Twelve laps. Thirteen.
Teo somersaulted and pushed herself off again, holding her breath half the length of the pool this time. When her speed waned, she surfaced, gulped air, and wiped her eyes, treading water with both legs and one hand. She squinted against the sun, waved to Kai, and swam a breaststroke across three lanes to the edge. Her hands clutched the pool’s stone lip, and muscles shifted in her shoulders and back as she pushed herself up. Scars marked her left arm: a single long straight line down the inside of her wrist over the vein, and other curving cuts around it. Pale emerald drops rolled down her skin; she stood, and Kai took a step back before she shook herself.
A white-suited attendant appeared with a towel. Teo grabbed it blindly, wiped off face and body and hair (prying off swimming cap to reveal a damp crown of thorny black curls), and threw the towel onto an empty chair. “Kai. Thanks for waiting. I don’t like to stop in the middle of things.”
“You’re a strong swimmer.”
“I’m trying to be a stronger everything,” she said. “Can’t count on other folks to bail you out of trouble.” Her smile seemed to pack more teeth into it than most people’s. Kai spent more willpower than she wanted to admit dragging her eyes from the scar on the woman’s wrist.
“Do you get in swimming-related trouble?”
She laughed. “First time for everything.
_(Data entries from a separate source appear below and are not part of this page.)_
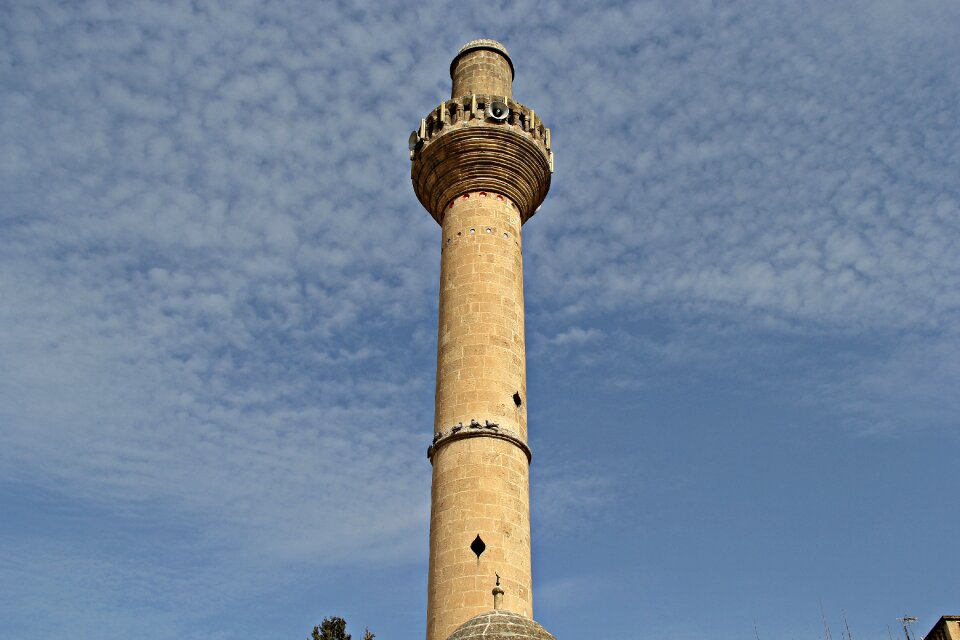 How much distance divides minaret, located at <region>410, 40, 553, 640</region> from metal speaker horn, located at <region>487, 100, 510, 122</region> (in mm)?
25

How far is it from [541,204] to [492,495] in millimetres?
6348

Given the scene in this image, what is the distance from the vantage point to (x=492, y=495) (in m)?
13.1

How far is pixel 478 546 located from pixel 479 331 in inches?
133

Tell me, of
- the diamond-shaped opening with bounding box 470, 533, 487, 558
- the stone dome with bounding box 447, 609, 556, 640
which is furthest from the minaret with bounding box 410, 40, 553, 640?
the stone dome with bounding box 447, 609, 556, 640

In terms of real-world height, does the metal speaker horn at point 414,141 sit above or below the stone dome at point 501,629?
above

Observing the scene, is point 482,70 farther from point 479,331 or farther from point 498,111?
point 479,331

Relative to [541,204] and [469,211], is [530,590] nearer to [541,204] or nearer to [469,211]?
[469,211]

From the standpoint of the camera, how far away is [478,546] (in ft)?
41.6

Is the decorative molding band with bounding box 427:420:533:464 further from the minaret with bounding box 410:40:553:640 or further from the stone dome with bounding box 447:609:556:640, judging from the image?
the stone dome with bounding box 447:609:556:640

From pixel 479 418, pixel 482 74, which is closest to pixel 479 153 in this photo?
pixel 482 74

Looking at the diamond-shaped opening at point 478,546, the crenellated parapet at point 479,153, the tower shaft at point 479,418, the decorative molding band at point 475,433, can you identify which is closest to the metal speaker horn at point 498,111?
the crenellated parapet at point 479,153

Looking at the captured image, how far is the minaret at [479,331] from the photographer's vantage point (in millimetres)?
12719

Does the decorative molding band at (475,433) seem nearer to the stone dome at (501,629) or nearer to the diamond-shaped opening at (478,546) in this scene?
the diamond-shaped opening at (478,546)

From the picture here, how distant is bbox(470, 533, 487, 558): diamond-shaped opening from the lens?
12664 millimetres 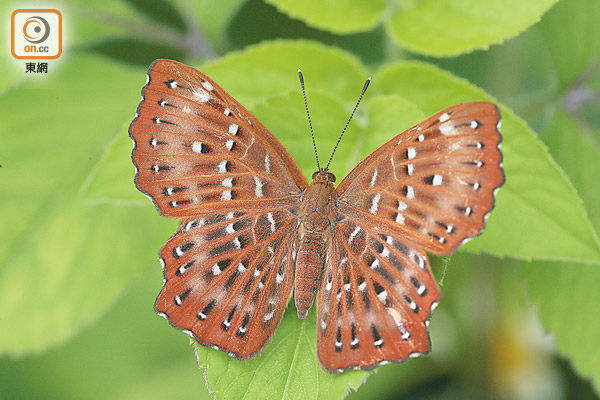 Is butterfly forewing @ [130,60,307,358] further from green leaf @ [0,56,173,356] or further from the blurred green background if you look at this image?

What can I do for you?”
“I’m here because maybe I can do something for you.”
The water had stained the whites of Teo’s eyes a gemstone green; it wept out as she blinked. “Go on.”
“When you came to me, you said you wanted to invest in an idol. But you were worried about ethics.”
“Is ‘ethics’ the right way to put it? I don’t like gods. Neither do our investors. I don’t mean it personally. I like things I can see and touch. Good strong deals. Clear terms of engagement. Accountability and limited liability.” A white grid ran down the front panel of her swimsuit, and as she breathed its geometry shifted from hyperbolic to planar to parabolic.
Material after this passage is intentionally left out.